FAA warns pilots of massive GPS outages caused by secret weapon tests
The US Federal Aviation Authority is telling aircraft to steer a few hundred miles clear of the site of a US military base in California, where secretive weapon tests being conducted will cause GPS outages for much of the West Coast.
An advisory issued by the FAA on Saturday notifies pilots that GPS systems will be unreliable or nonexistent within a 253 nautical mile radius from Naval Air Weapons Center at China Lake in the Mojave Desert, between 9:30 a.m. and 3:30 p.m. Pacific Time on six dates in June.
More than half of California is affected for all aircraft flying above 50 feet, including the very busy airspace of Los Angeles and the San Francisco Bay Area, as well as the southern two-thirds of Nevada. Planes that fly higher will be affected at longer range, with aircraft that reach 40,000 feet above sea level experiencing disruptions as far away as Oregon.

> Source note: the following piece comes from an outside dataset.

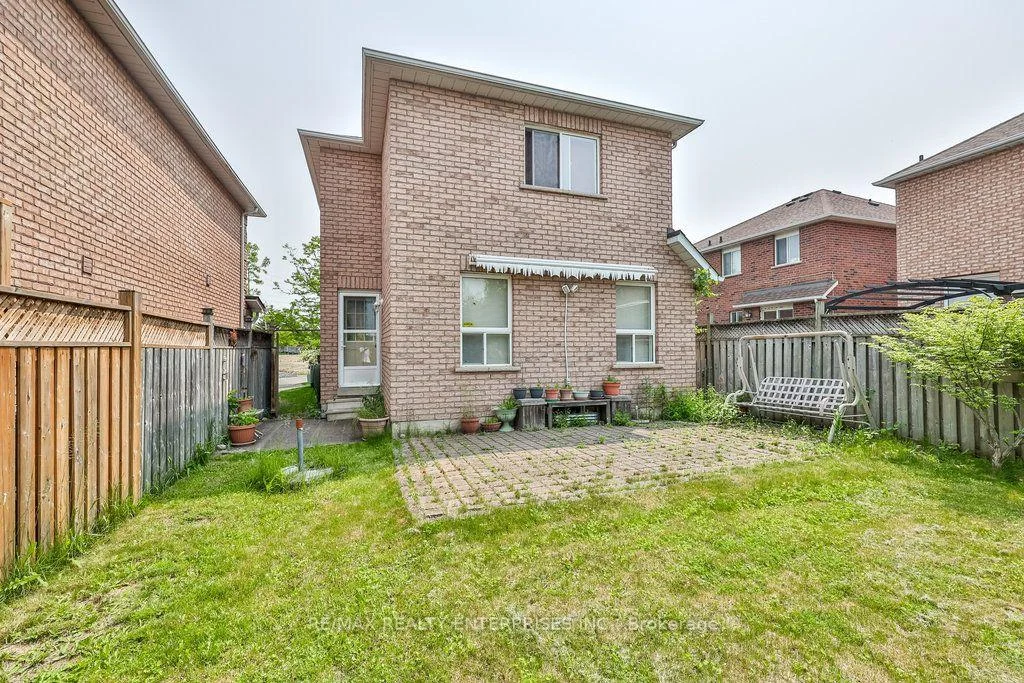 Photo 62 of 3 Jack Kenny Court, Caledon, Bolton West — HOMEH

The US military didn’t give any details on exactly what kind of test could be causing such a far-reaching disruption.
“We’re aware of the flight advisory,” Deidre Patin, spokesperson for Naval Air Warfare Center Weapons Division, told Gizmodo. “I can’t go into the details of the testing. It’s general testing for our ranges.”
The FAA is also warning pilots flying Embraer Phenom 300, a popular private jet, that testing could interfere with the craft’s “flight stability controls” in addition to GPS systems.
The UK issued its own signal-jamming advisory, warning that their tests will affect the Scottish Hebrides intermittently during the month of July.
GPS jamming technology has existed for years, and can even be obtained by consumers for relatively little cost. The sheer size of the area affected by whatever the Navy is testing, however, is perhaps without public precedent.